--- MATERIAL FOR THE TASK Enclosed Below ---

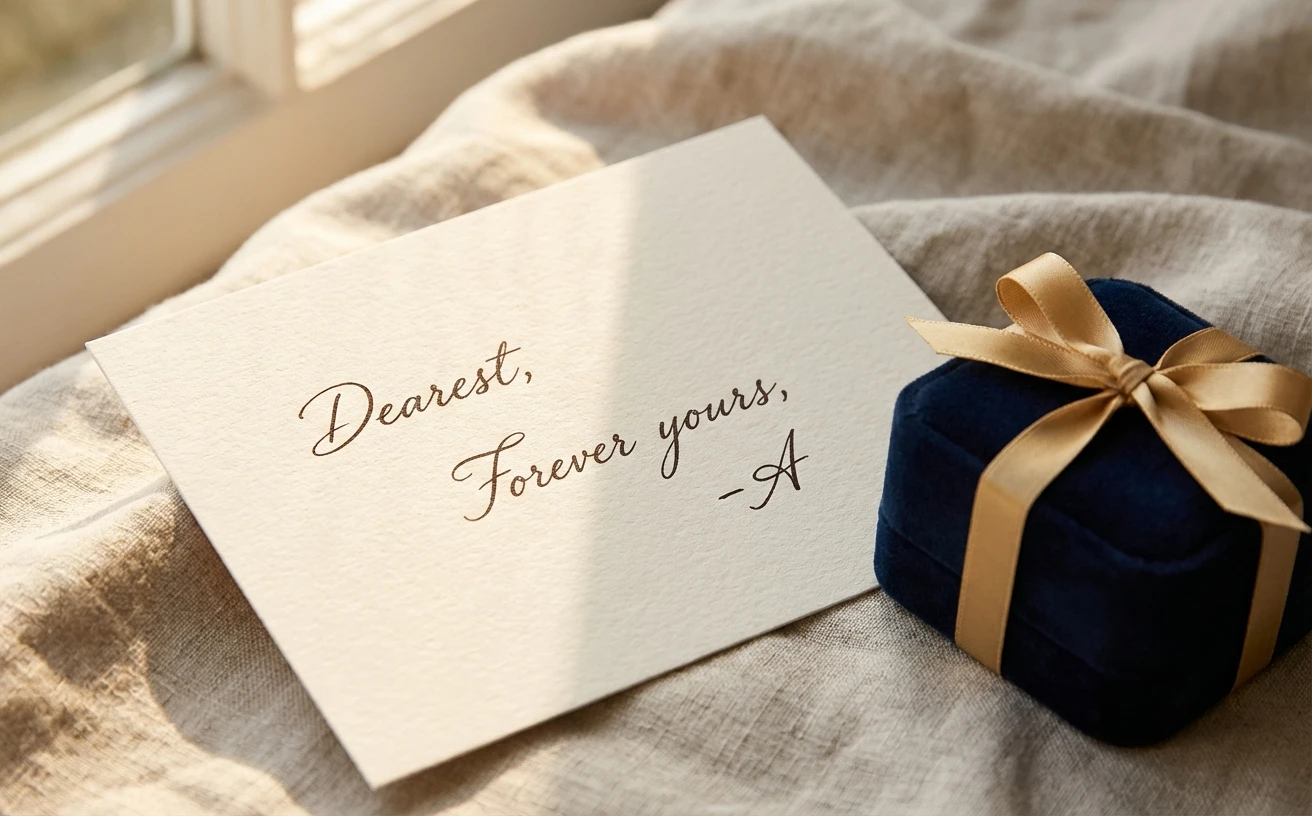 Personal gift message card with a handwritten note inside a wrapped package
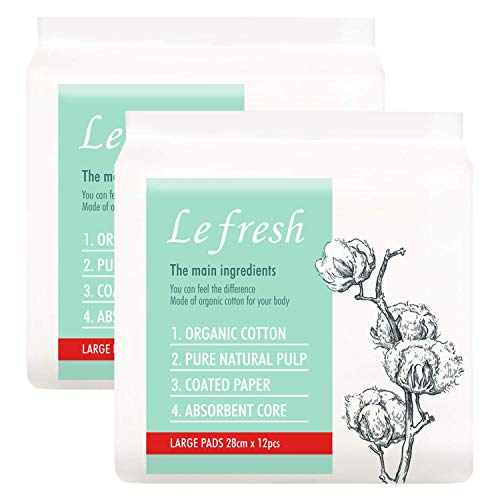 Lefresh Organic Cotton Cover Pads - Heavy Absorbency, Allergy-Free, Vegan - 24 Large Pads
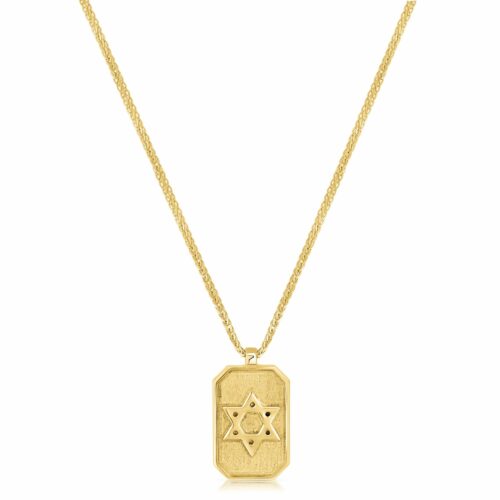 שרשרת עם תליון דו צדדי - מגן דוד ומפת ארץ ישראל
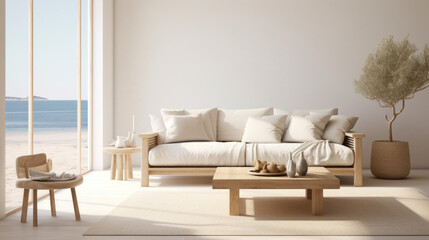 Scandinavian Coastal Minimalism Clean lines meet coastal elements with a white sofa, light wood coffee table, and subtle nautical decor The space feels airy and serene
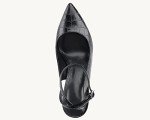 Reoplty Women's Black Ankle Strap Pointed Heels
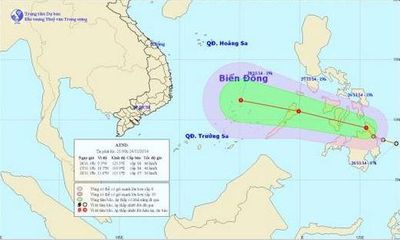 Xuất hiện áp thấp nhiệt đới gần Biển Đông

--- End of Enclosed MATERIAL FOR THE TASK ---

◆ WHAT YOU ARE ASKED TO DO ◆
With pictures omitted, copy exactly the lines from the one containing "Reoplty Women's Black" through the final line of the listing, both included.

◆ REPLY TO THE TASK ◆
 Reoplty Women's Black Ankle Strap Pointed Heels
 Xuất hiện áp thấp nhiệt đới gần Biển Đông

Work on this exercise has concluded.